Is that a Ronald Reagan look-alike grabbing his nether regions in apocalyptic agony? Why, yes, it is. Following the international success of their first single, Relax, Frankie Goes to Hollywood released the anti-war, half tongue-in-cheek, half a bit-too-close-to-home, funk-friendly dance anthem, Two Tribes.
Accompanied by an outrageous video, Two Tribes broke a whole bunch of UK chart records that, at the time, I was completely oblivious to. To be fair, in 1984 my daily routine consisted of dropping my Bespin Han Solo action figure from a covered bridge in a suicidal leap just in time for my electric train to speed by and run him over. Han survived, and was able to go on fighting the good fight (that was, until Joe & Cobra infiltrated my childhood just a few short years later).
Focusing on the hyper-exaggerated (he said jokingly) possibility of global nuclear war, Frankie & crew regurgitated a positive product from an extremely negative scenario. If you ask me, and you didn’t, Two Tribes withstood the test of time, and should serve as a welcome accompaniment to any record collection, regardless of which side of the fence your political beliefs may fall.
Okay, either I’m extremely daft, or my short-term memory is completely shot! I’ve had this (ahem) “Limited Edition 4 Track 12” Featuring Daddy-O Remix + Colour ‘Flood’ Poster” (phew) of the gonna-break-your-head-it’s-so-damned-catchy single, Istanbul (Not Constantinople) by a personal favorite, They Might Be Giants for more years than I’m willing to admit. Fact.
Okay? So what, you ask. Well, upon perusing my collecting looking for something to catch my ear, I noticed this nice little sticker indicating how this 12” originally came with a poster. Remember when posters were a thing? Shamefully, I do too. Anywho, not thinking much about it, I nabbed it and offered a whimsical yet vaguely hopeful gander to confirm what I already knew… there would be no poster. Imagine my jaw-dropping surprise when, there was, in fact, a “Colour ‘Flood’ Poster!” It was almost like rediscovering a thumb!
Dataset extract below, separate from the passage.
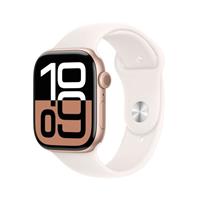 Apple Series 10 46 mm Waterproof Smart Watch GPS + Cellular (2024) Light Blush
Okay, maybe not that monumental, but now all I have to do is convince my GF that our apartment needs, no, DESERVES a Colour ‘Flood’ Poster. My money says the poster will stay right where it is.
Great! Now I’m on a They Might Be Giants fix!
On a side note, if you play the beginning of Flood at 45rpm, the intro sounds like something straight out of Munchkin Land. Just sayin’.
Trying to draw a roadmap of an individual’s personal music highway is like trying to find the island from Lost. There may be a straight line, that lasts for maybe a few weeks, like say my current Tim Hardin kick, but then the familiar landscape disappears into a dark, and uncomfortably moist alley of say, the Wax Trax! catalog, or God forbid, the salivating sounds of the time-sucking Minutemen. Both destinations I know and love all too well.
Like never-ending roots stemming from a strong and unmoving base, our own personal music paths are as organic and ever expanding as a giant Sycamore. Is that by design, or are we fishing bobbers floating atop a steady stream awaiting a dip below? (Waiting for Country Joe and the Fish perhaps? I had to.)
Ok, fine, enough with the metaphors. This will never happen, but I’d LOVE to attempt a personal map of my music listening history. I have no doubt it would take me several years, would necessitate several “gray areas,” and would likely require the X, Y, and dreaded Z axes. It’s all coming back to me now… I should have paid more attention in Math class.
I’ve been feeling the giant led balloon lately. Zeppelin in the office, Zeppelin in the car, and now Zeppelin on The Groove.
You’ll have to excuse the pithiness of today’s post. I’m about two days shy of a thorough, grisly burnout. Writing is stupid, but do you know what isn’t? Led Zeppelin.
According to Liberty Records Inc. (Los Angeles 28, California), Martin Denny’s Exotic Percussion, Around the World With the Chipmunks, Bud and Travis in Concert, and 60 Years of Music America Hates Best are definitively, the personality sounds of the 1960s.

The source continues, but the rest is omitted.